Is it a good idea to ease regulations on infrastructure investment?
The insurance industry is keen for changes to inherited EU law that would make it easier to invest in assets. But regulatory bodies are concerned it could make the sector less robust
Earlier this year, Legal & General announced a pledge to invest £4bn into urban regeneration and the construction of new homes in the West Midlands.
Working in partnership with the West Midlands Combined Authority (WMCA), L&G, which manages £1.4tn as the UK’s largest investor, has financed more than £30bn of regeneration projects in UK towns and cities outside London. It has already invested £2bn in the WMCA region, with the £210m Birmingham Health Innovation Campus and housing projects.
“The West Midlands economic plan, resources and skills make it an attractive destination for trade and investment from across the world,” said Sir Nigel Wilson, CEO of L&G at the time of the announcement. “Our role in this is to put UK funds, including pension savings, to work here so UK savers benefit from UK prosperity.”
The deal is one of a growing number of major infrastructure projects financed by insurance companies. In June, Amanda Blanc, the group CEO of Aviva, told the Financial Times that the firm is considering investing funds from both policyholders and shareholders in infrastructure. It’s thought a deal could be done as early as this year. Blanc has spoken elsewhere about using the funding to promote green, low-carbon projects in particular.
The government and insurance sector believe that such announcements could herald the unleashing of billions of pounds of investment by insurance firms in capital projects across the country. The key to unlocking this potential is to amend the Solvency II requirements.
Inherited from the UK’s membership of the EU, the regulation is undergoing a review, including a consultation that closes in July.

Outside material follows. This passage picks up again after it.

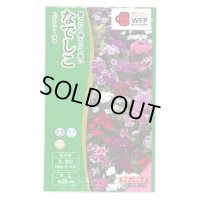 送料無料　花の種　なでしこ　F1テルスター　混合　小袋　タキイ種苗(株)NL300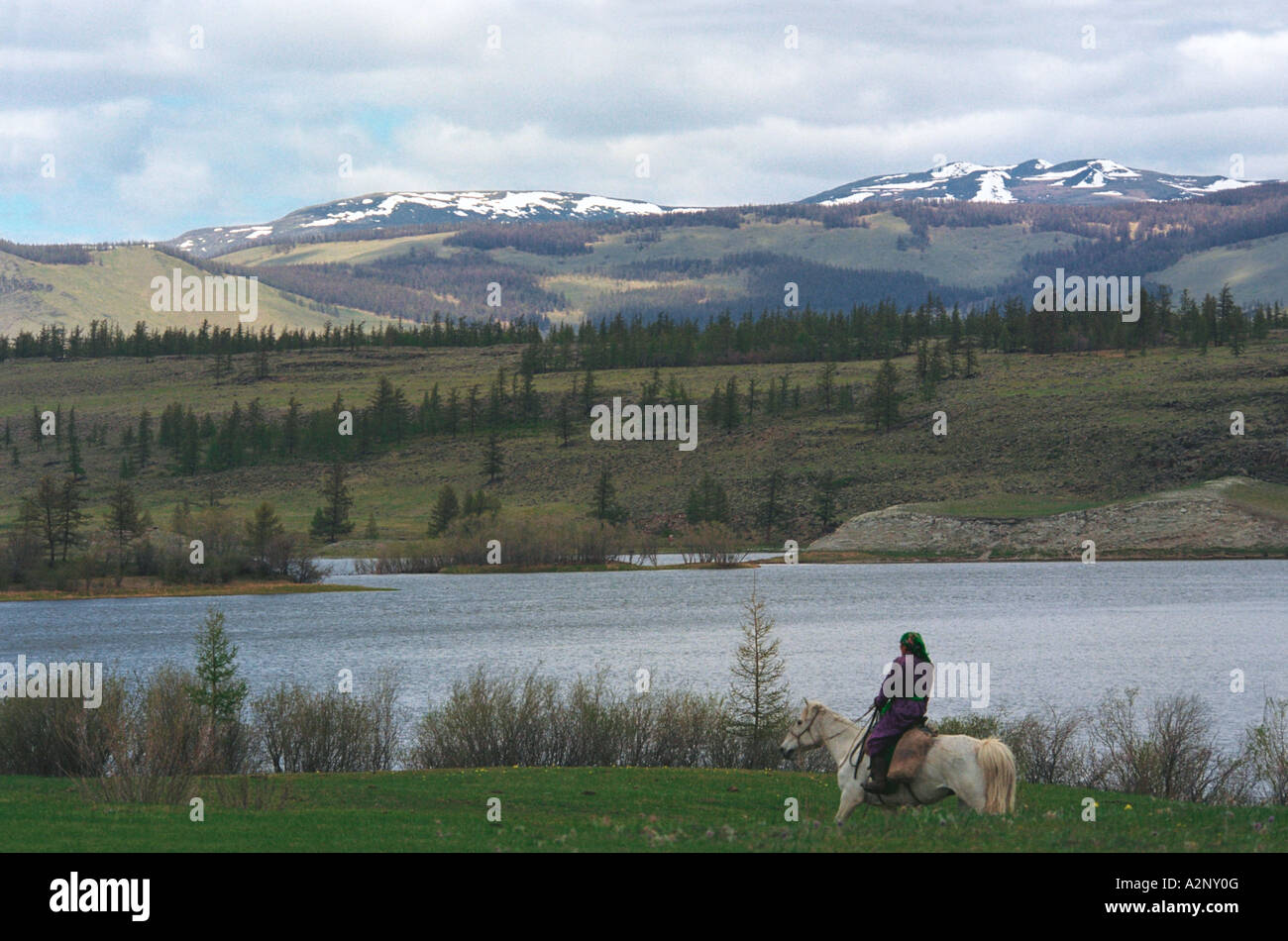 Woman on horseback. Dood Nuur lake and Shishkhid Gol river. Darhadyn Wetland. Khovsgol aimag (province). North Mongolia Stock Photo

Insurers have long argued that this regulation requires them to hold too much capital and applies too many restrictions on the type of investment they can make. The government and former prime minister Boris Johnson have made it known that they’re impatient to make this regulatory change.
The Prudential Regulation Authority (PRA), which oversees the insurance sector, is broadly in favour of measures to promote investment by insurers. But it is concerned that excessive relaxation of Solvency II could put policyholders at risk and damage the financial stability of insurance firms.
Among individual insurance companies arguing for change is Phoenix Group, the largest long-term savings and retirement company in the UK with around £300bn in assets under investment. “As an insurer, we’re a long-term investor looking for stable returns over decades,” says Andy Briggs, group CEO, Phoenix Group.
He points out that insurers are already some of the largest asset owners in the UK. “Solvency II reforms could represent a unique and significant opportunity to ensure more private-sector capital can be directed by insurers into long-term infrastructure assets in the UK,” he says.
“Critically, these reforms can and should be made in a way that doesn’t compromise on policyholder protection – which remains the core priority for us as a business. With the right regulatory and policy changes, Phoenix could potentially invest up to £50bn in illiquid and sustainable investments in the UK, which will support and accelerate the decarbonisation and levelling-up agendas.”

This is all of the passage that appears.